What the hell happened to our society? How did we wind up with the mealy mouthed wimps we have as politicians and business leaders? One things for certain, we have to get back our models of strong men and women if we’re to keep this experiment in democracy going. Anyway, here’s T. Boon Pickens…….enjoy: Questions for T. Boone Pickens



Following up on the theme of American society, Jonah Goldberg spotlighted a key part of America’s malaise with his piece on "The spoiled children of capitalism" . He equates the problem many of our citizens have with valuing our Capitalistic society, to parents with spoiled children. Here's an abridged version of his article......

It's an old story. Loving parents provide a generous environment for their offspring. Kids are given not only ample food, clothing and shelter, but the emotional necessities as well: encouragement, discipline, self-reliance, the ability to work with others and on their own. And yet, in due course, the kids rebel. Some even say their parents never loved them, that they were unfair, indifferent, cruel. Often, such protests are sparked by parents' refusal to be even more generous. I want a car, demands the child. Work for it, insist the parents. Why do you hate me? asks the ingrate.

Capitalism is the greatest system ever created for alleviating general human misery, and yet it breeds ingratitude.

People ask, "Why is there poverty in the world?" It's a silly question. Poverty is the default human condition. It is the factory preset of this mortal coil. As individuals and as a species, we are born naked and penniless, bereft of skills or possessions. Likewise, in his civilizational infancy man was poor, in every sense. He lived in ignorance, filth, hunger and pain, and he died very young, either by violence or disease.

The interesting question isn't "Why is there poverty?" It's "Why is there wealth?" Or: "Why is there prosperity here but not there?"

At the end of the day, the first answer is capitalism, rightly understood. That is to say: free markets, private property, the spirit of entrepreneurialism and the conviction that the fruits of your labors are your own.

Any number of countries in Africa are vastly richer in baubles and soil than Switzerland. But they are poor because they are impoverished in what they value.

In large measure our wealth isn't the product of capitalism, it is capitalism.

And yet we hate it. Leaving religion out of it, no idea has given more to humanity. The average working-class person today is richer, in real terms, than the average prince or potentate of 300 years ago. His food is better, his life longer, his health better, his menu of entertainments vastly more diverse, his toilette infinitely more civilized. And yet we constantly hear how cruel capitalism is while this collectivism or that is more loving because, unlike capitalism, collectivism is about the group, not the individual.

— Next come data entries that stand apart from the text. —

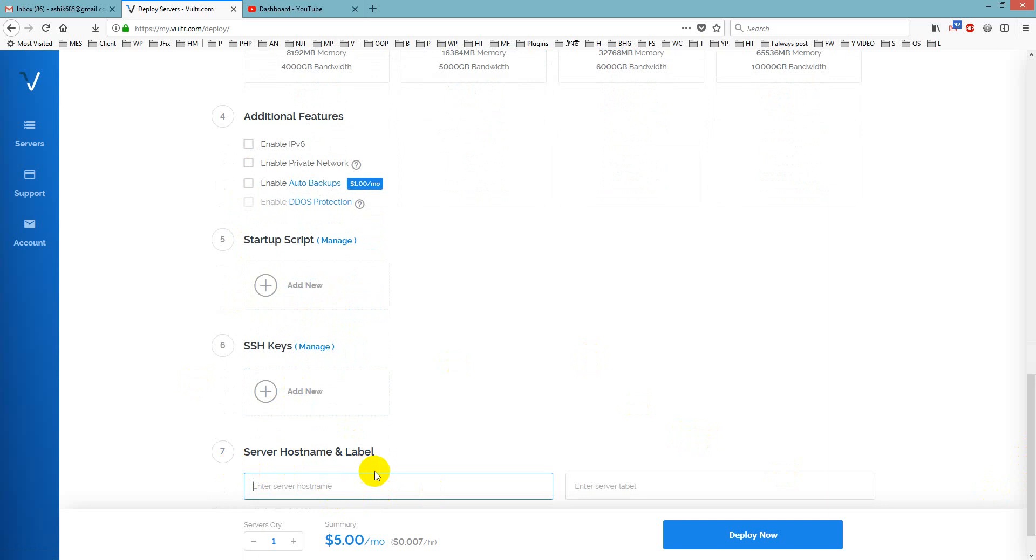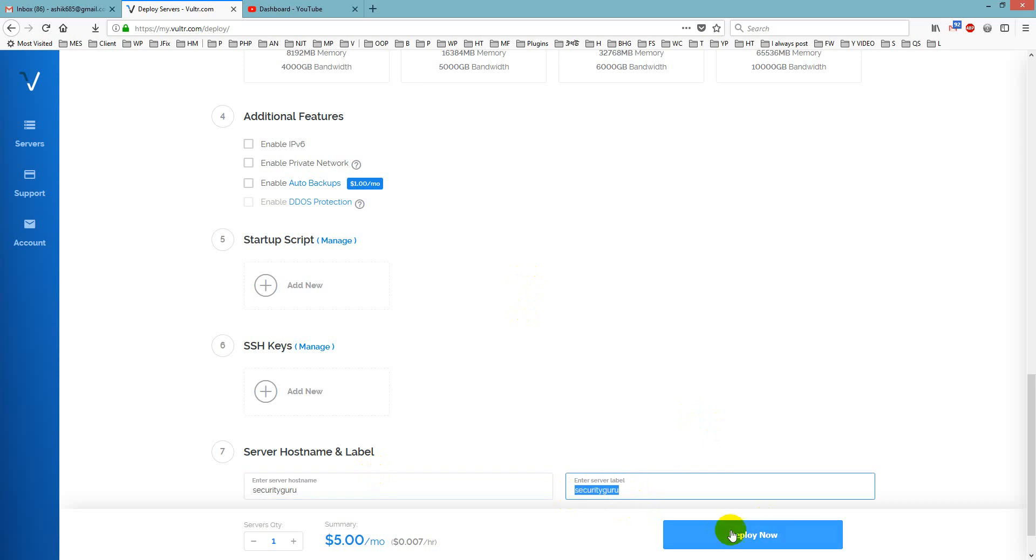yes and enter server label security guru and then I will click deploy now,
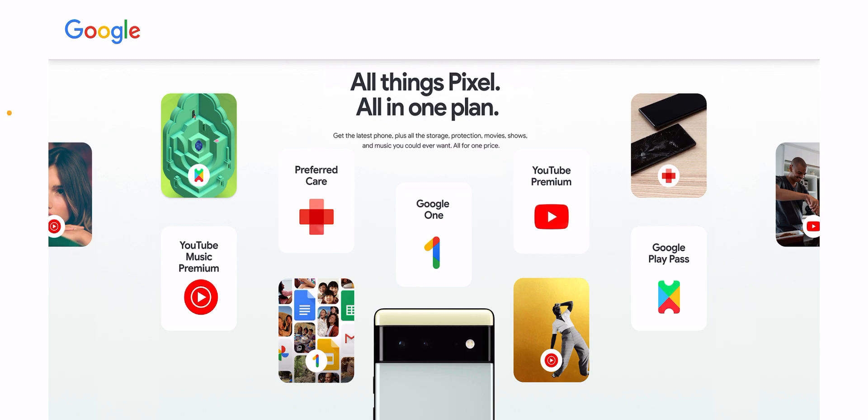Google One, which is their storage, drive, and photos plan, regular YouTube Premium, and Google Play Pass. You get YouTube Music Premium, which is normally $11.99 a month and is also included with YouTube Premium, the 200 gig plan of Google One,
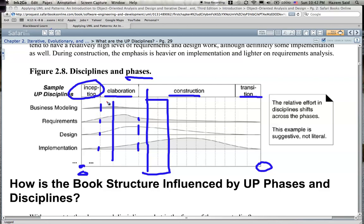Each one of those dotted lines may represent an iteration. The inception phase represents one iteration, and the elaboration has three iterations: iteration one, iteration two, and iteration three. Then construction has several iterations, and then transition covers transitioning the project from development to deployment. The number of iterations and the duration of each iteration is totally up to you as you design, analyze the problem, and decide how you're going to manage the project lifecycle.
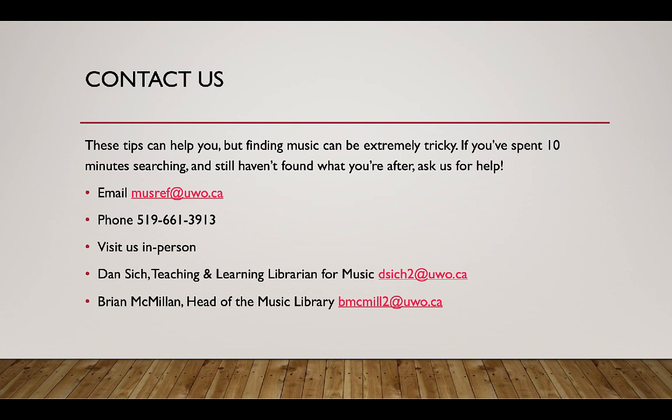or in person in the music library. You can contact me, Dan Sitch, the teaching and learning librarian covering music, at dsich2 at uwo.ca, or Brian McMillan, head of the music library, at bmcmill2 at uwo.ca.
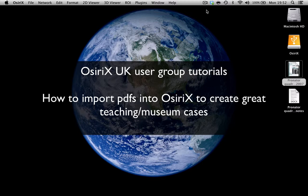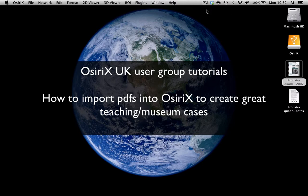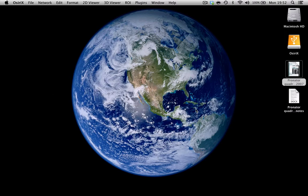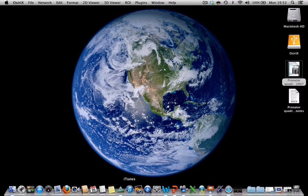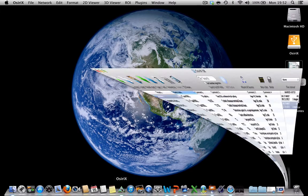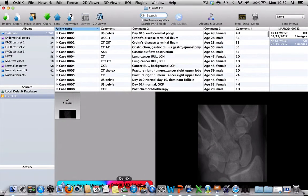Today I want to talk to you about how you can import PDF files into your OsiriX database to enhance the quality of your teaching and museum cases. So first of all, I'm going to have a little look at my main database.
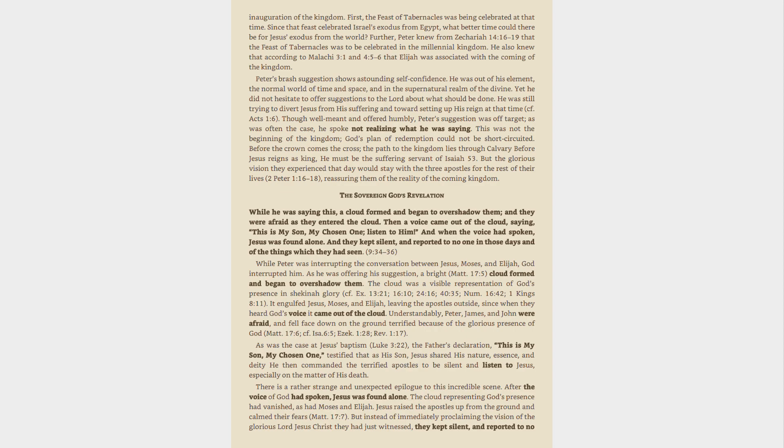While Peter was interrupting the conversation between Jesus, Moses, and Elijah, God interrupted him. As he was offering his suggestion, a bright, Matthew 17:5, cloud formed and began to overshadow them.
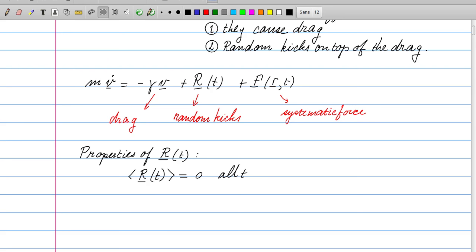The average, expressed by angular brackets, is an average over all possible realizations of the random force. If we start a simulation or experiment we get a certain random force, then we do it again and again. Over that long series of random forces at subsequent times, the average turns out to be zero. So the angular brackets represent an ensemble average over all possible realizations.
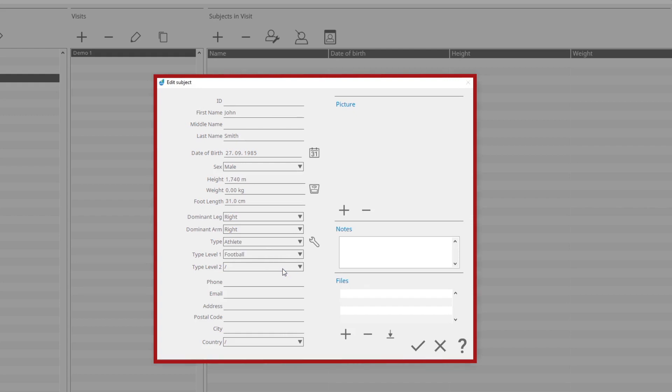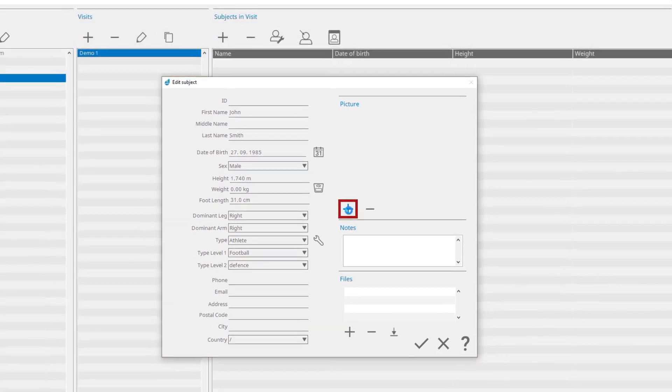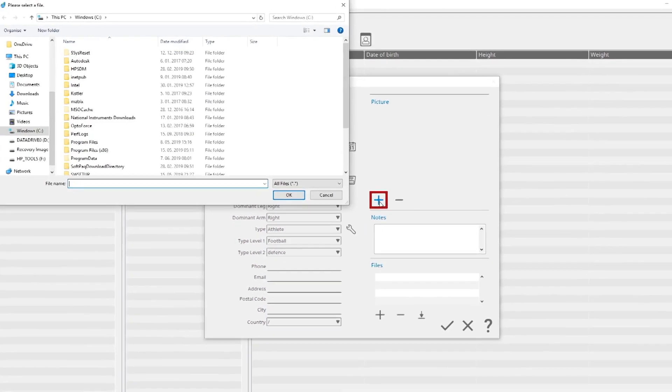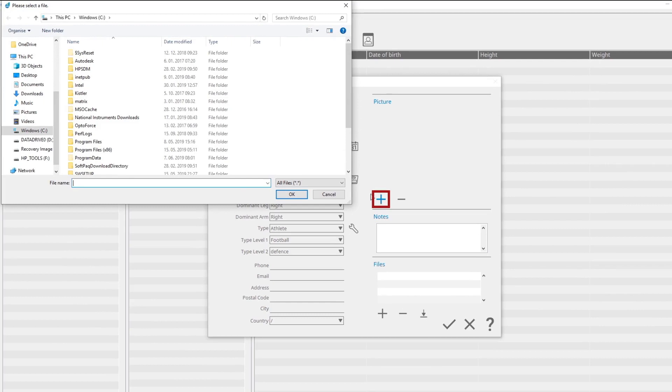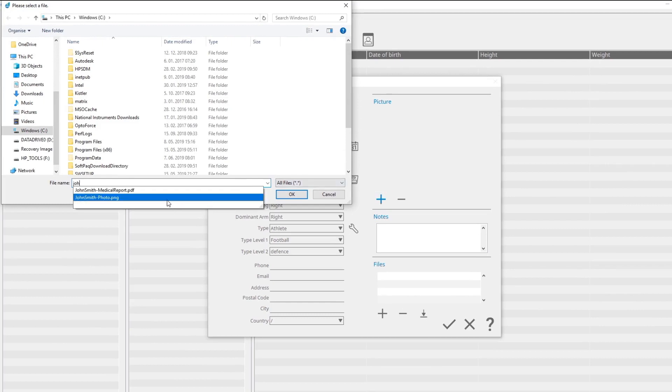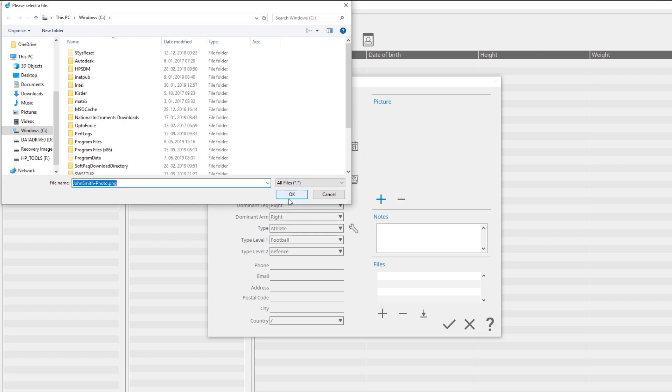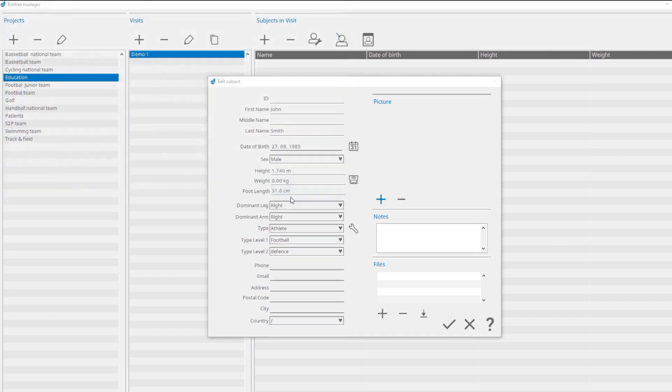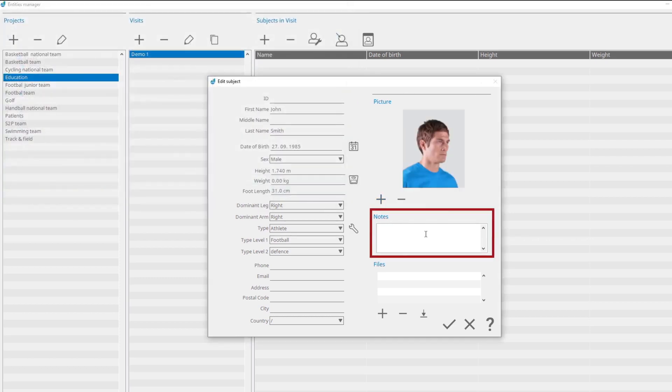You can also add a picture of the subject by clicking the Add Picture button. Select the picture that you want to add. You can write additional notes for the subject and load various files.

These complaints grow loudest at times like this: when the loom of capitalism momentarily stutters in spinning its gold. Suddenly, the people ask: What have you done for me lately? Politicians croon about how we need to give in to Causes Larger than Ourselves and peck about like hungry chickens for a New Way to replace dying capitalism.

This is the patient leaping to embrace the disease and reject the cure. Recessions are fewer and weaker thanks in part to trade, yet whenever recessions appear on the horizon, politicians dive into their protectionist bunkers. Not surprising that this week we saw the demise of the Doha round of trade negotiations, and this campaign season we've heard the thunder of anti-trade rhetoric move ever closer.

This is the irony of capitalism. It is not zero-sum, but it feels like it is. Capitalism coordinates humanity toward peaceful, productive cooperation, but it feels alienating. Collectivism does the opposite, at least when dreamed up on paper. The communes and collectives imploded in inefficiency, drowned in blood. The kibbutz lives on only as a tourist attraction, a baseball fantasy camp for nostalgic socialists. Meanwhile, billions have ridden capitalism out of poverty.
And yet the children of capitalism still whine.